Russian forces shelling from cover of Ukrainian nuclear plant: report
Russian forces are shelling towns in southern Ukraine from a position inside Europe’s largest nuclear power plant, according to a report Monday.
Russian artillery firing from within the Zaporizhzhya nuclear power plant on the Dnipro River doesn’t fear reprisal, Ukrainian officials say, because the collateral damage of a Ukrainian strike could be catastrophic, the New York Times reported.
“They are hiding there so they cannot be hit,” said Oleksandr Sayuk, the mayor of Nikopol – -a Ukrainian town across the river from the plant, told the newspaper.

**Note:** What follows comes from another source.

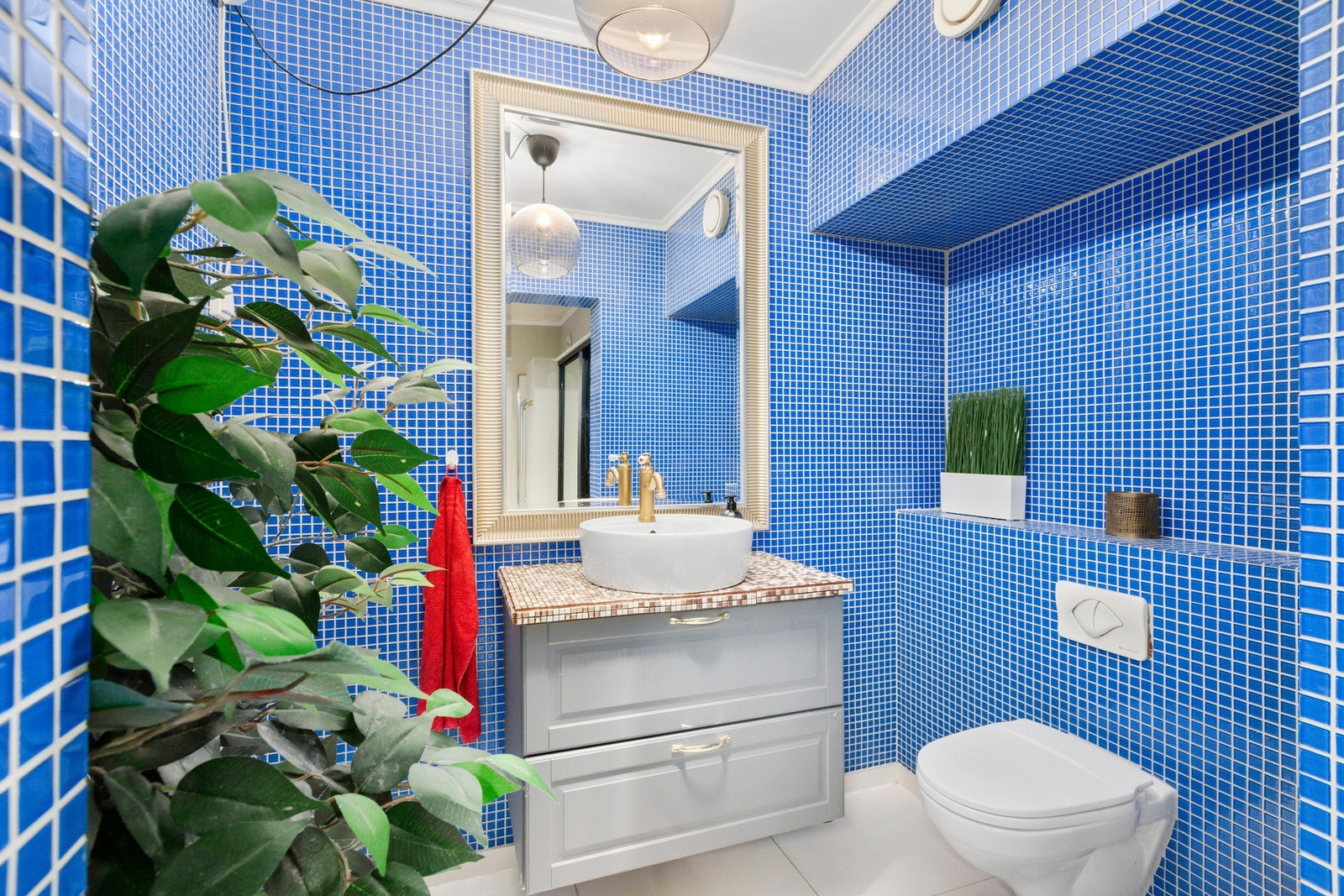 Badet er utstyrt med dusjnisje, veggmontert wc, servantskap og opplegg for vaskemaskin. Galleribilde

“Why else would they be at the electrical station? To use such an object as a shield is very dangerous.”
The power plant — some 75 miles downriver from the Ukrainian-controlled city of the same name — contains six nuclear reactors, among which the Russians have built a small outpost after seizing control in early March.
As of July, the garrison included at least one BM-30 Smerch multiple rocket launcher and several older BM-21 Grad rocket systems, according to a report in the Wall Street Journal.
The Russian troops have reportedly laid land mines and dug trenches to protect their radioactive redoubt.
Elsewhere in the country, Ukrainian forces have used Western counter-battery radar systems and long-range precision rocket launchers to pick off the Russian artillery units that have pounded Ukrainian cities and military positions since the start of the war.
At the power plant, however, no artillery piece is precise enough to warrant the risk of firing on a nuclear reactor.
Ukraine’s military intelligence agency announced last month that it had used a suicide drone to attack Russian positions at the plant, killing three and injuring 12. The agency claimed to have destroyed one rocket launcher in the attack, and to have started a fire that damaged a number of Russian tents at the site.
Dmytro Orlov, the mayor-in-exile of Enerhodar — the town where the facility is located — is a former engineer at the plant. He told the New York Times Monday that only a direct hit to the reactors would penetrate the concrete containment vessels that measure a yard thick.
But such a hit could be catastrophic, sending the plant into meltdown or risking an explosion that would send radioactive fallout hundreds of miles.
Orlov also said there was a risk an errant Ukrainian shell could hit the facility’s spent fuel storage, which would spread the highly-radioactive material in a more contained area, akin to a dirty bomb.
The International Atomic Energy Agency has been lobbying Russia for access to the plant since shortly after the takeover — so far unsuccessfully.
Last month, on the same day Ukrainian intelligence announced their drone strike on Russian forces hiding in the plant, the IAEA issued a statement of concern over the “increasingly alarming situation” at the facility.
“It is extremely important that no action is taken that could in any way jeopardize the safety of this plant, which is also Europe’s largest. During a conflict of this nature, a nuclear facility can be damaged unintentionally. It must be avoided at all costs,” the agency said.